In a little more than a week, North Iowans will go to the polls to elect city officials and to vote on various local issues.

In Mason City, interest has been high because of three contested elections — for mayor and for Second Ward and Fourth Ward council seats and two ballot issues related to the River City Renaissance downtown improvement project.

Tom Thoma is running unopposed for an at-large position and, to his credit, has been campaigning as if he had an opponent so he can meet voters, express his views and hear their concerns.

The two ballot issues in Mason City have attracted so much public attention that there are websites promoting the "yes" point of view and another endorsing a "no" vote.

Whichever way the vote goes next week, the future of Mason City will be impacted significantly.

And that brings me to my next point.

Almost lost in the shuffle of all the election hub-bub is the fact that Mason City is operating without a fulltime city administrator.

Brent Trout, city administrator for 10 years, began work last week as city administrator in Topeka, Kansas.

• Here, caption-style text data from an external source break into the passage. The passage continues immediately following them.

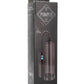 Pumped Extreme Power Rechargeable Auto Pump - Black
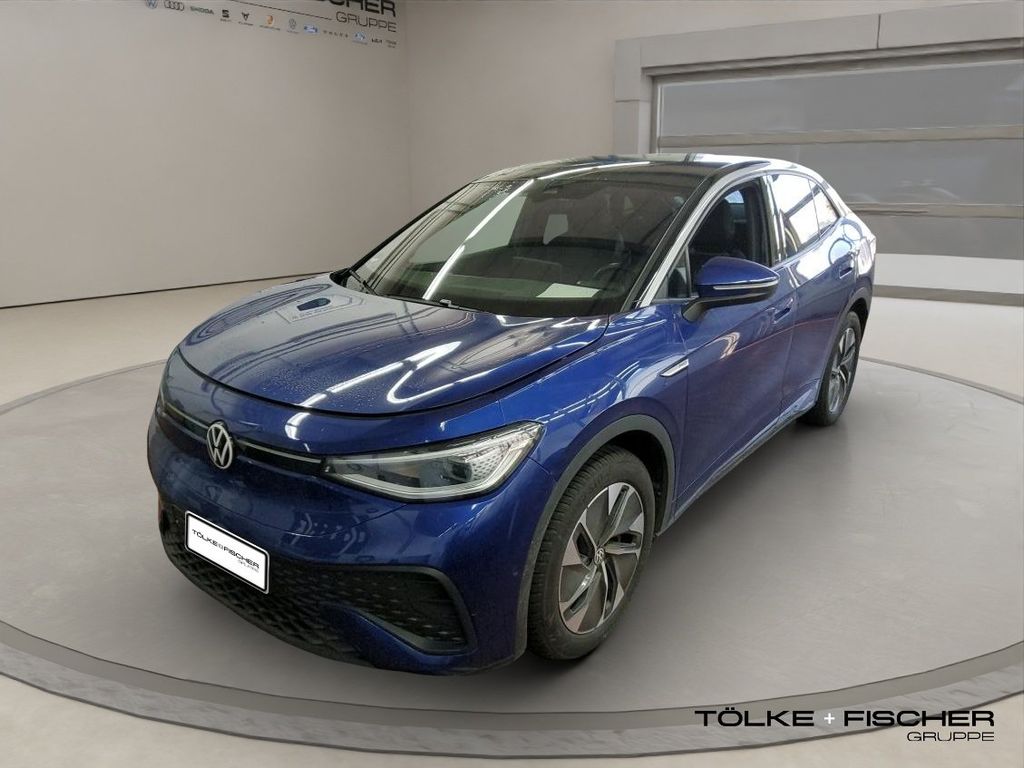 Volkswagen ID.5 2022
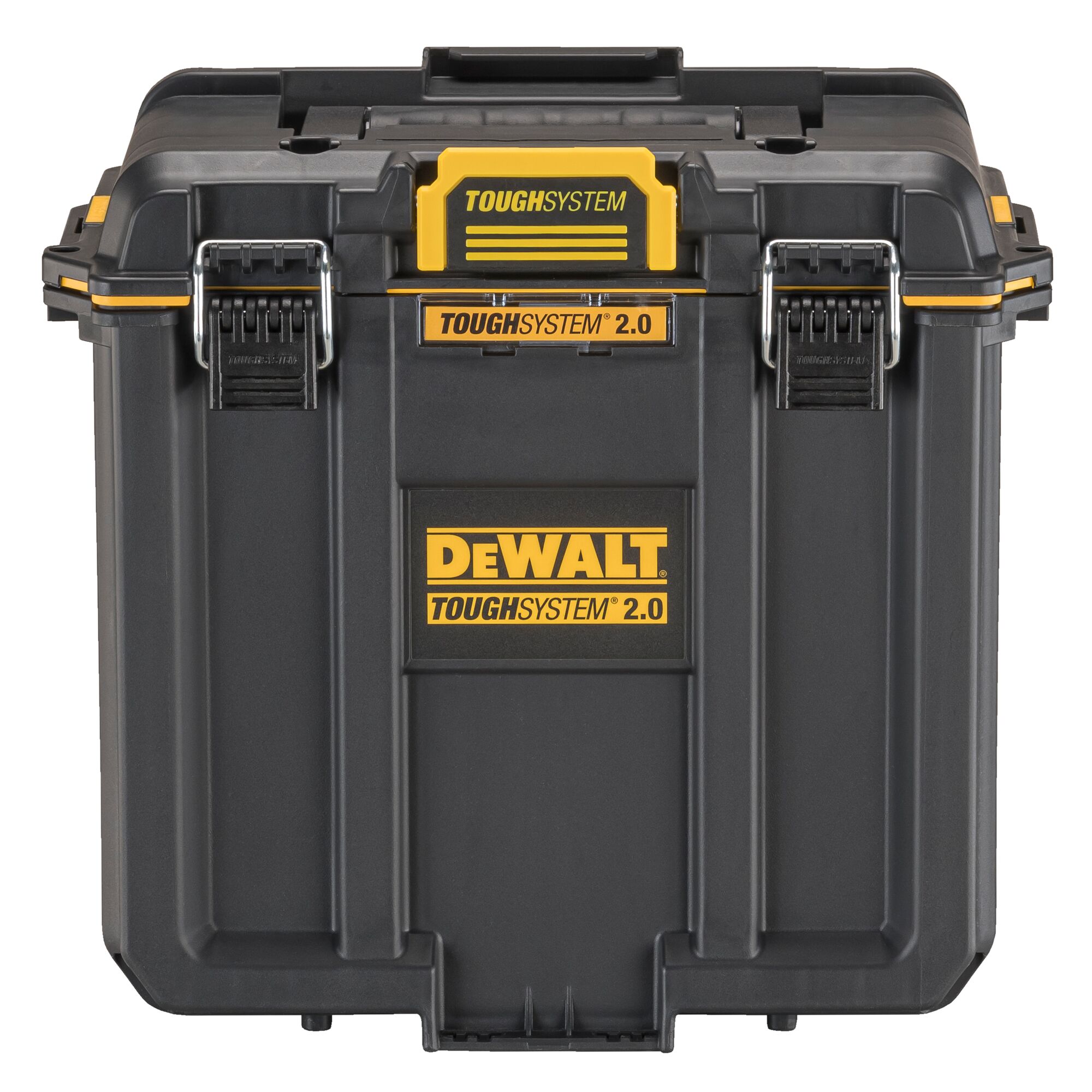 dwst08035-1 DeWALT 1 Drawer Plastic Tool Box 375 mm 365 mm 390mm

Finance Director Kevin Jacobson is serving as interim administrator.

It is up to the City Council to hire a new administrator and it usually takes quite a while. When Brent Trout was hired in 2007, the city hired the Brimeyer search firm from Minnesota to come up with some candidates.

Council members interviewed several candidates and were not satisfied with any of them. So the Brimeyer group went back in the field and came up with another group of candidates. Trout was hired from that group.

It is typically a process that takes months, not weeks, and whoever is hired has to hit the ground running because city business does not stop just because there is no fulltime administrator on board.

At this point, the council has taken no action toward hiring a new administrator. Since a new mayor and almost new council will be onboard in January, the current council may hold off and let the new council start the process.

Let's circle back, for a moment, to the two ballot issues Mason City voters will consider next week.

One is on whether residents approve of the lease arrangement the city is proposing with Southbridge Mall for the ice arena/multipurpose center.

The other is on whether the city should issue up to $14 million in bonds to pay for expenses related to the Gatehouse hotel/Music Man Square renovations that will include a conference center and a relocated museum.

The new city administrator, whoever it may be, will have his/her hands full no matter the outcome of the votes.

If voters approve the measures, the River City Renaissance project will be a go — including the hotel/conference center, the ice arena/multipurpose center and the performing arts pavilion.

There will be dozens of moving parts and deadlines, some of which extend for the next 20 years, all of which will be an immediate challenge for someone unfamiliar with what has been going on.

If the proposals are defeated, the new administrator and the council will have to answer a big question: Where do we go from here?